Bug #75041 TransporterFacade::reset_send_buffer might reset a send_buffer in use by \'send\
Submitted: 28 Nov 2014 10:15 Modified: 12 Jan 2015 17:56
Reporter: Ole John Aske Email Updates:
Status: Closed Impact on me:
Category:MySQL Cluster: Cluster (NDB) storage engine Severity:S3 (Non-critical)
Version:7.3.8 OS:Any
Assigned to: CPU Architecture:Any

[28 Nov 2014 10:15] Ole John Aske
TransporterFacade::reset_send_buffer() reset the two 
m_send_buffers[node] buffers: 'm_buffer' and 'm_out_buffer'.

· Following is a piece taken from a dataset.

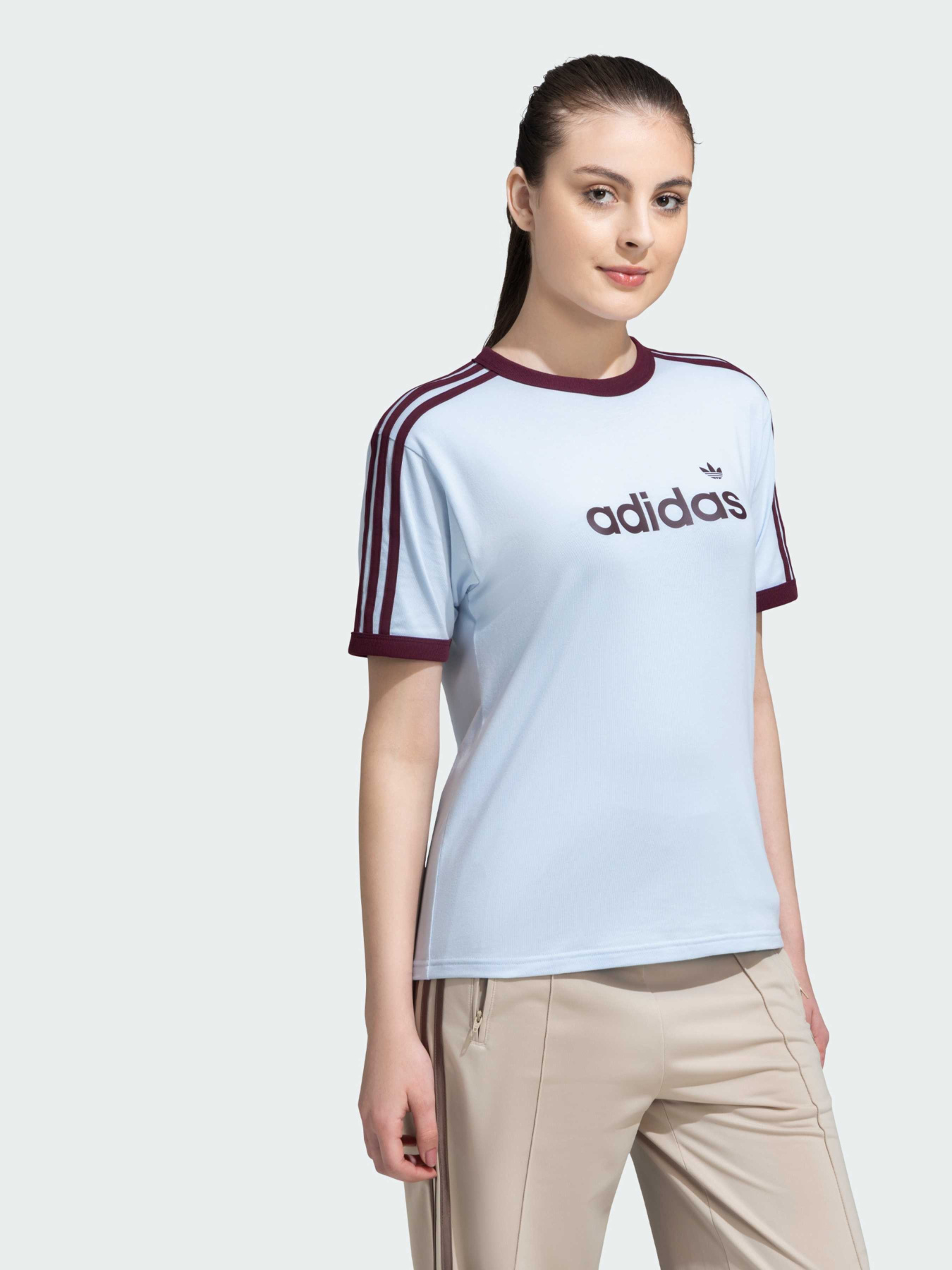 Футболки і поло Adidas Adicolor модель KG3714 Футболки і поло Adidas Adicolor модель KG3714 Фото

However, these are designed to be protected by :

1)'m_buffer' should only be updated when holding the
   m_send_buffers[node].m_mutex lock.

2)'m_out_buffer' is protected by 'm_send_buffers[node].m_sending'.
   When this flag is set, the buffer is 'owned' by a thread
   actively sending, and consuming the m_out_buffer contents.
   Thus this buffer should not be reset while this flag
   is set.

Currently ::reset_send_buffer breaks both of these rules.

This is likely a regression introduced by WL#3860, the 'ATC patches' (7.3 ->)

Hard to tell which problem this could cause in every day life with
MySQL Cluster. It causes the contents of send_buffers to be undefined
if reset happens during ::performSend(), and garbage can be sent, or
signals simply missing. Could maybe explain some of the instability in
AutoTests doing restart.


How to repeat:
Has been seen by running ./testNodeRestart -l 100 -n MixedPkReadPkUpdate
for a long time. Need a huge 'loop' argument '-l'

Also needed instrumented code which added an
assert(!m_send_buffers[node].m_sending) in 
[12 Jan 2015 17:56] Jon Stephens
Documented fix as follows in the NDB 7.3.8 and 7.4.3 changelogs:

    In the NDB kernel, it was possible for a TransporterFacade
    object to reset a send buffer while the data contained by the buffer
    was being sent, which could lead to a race condition.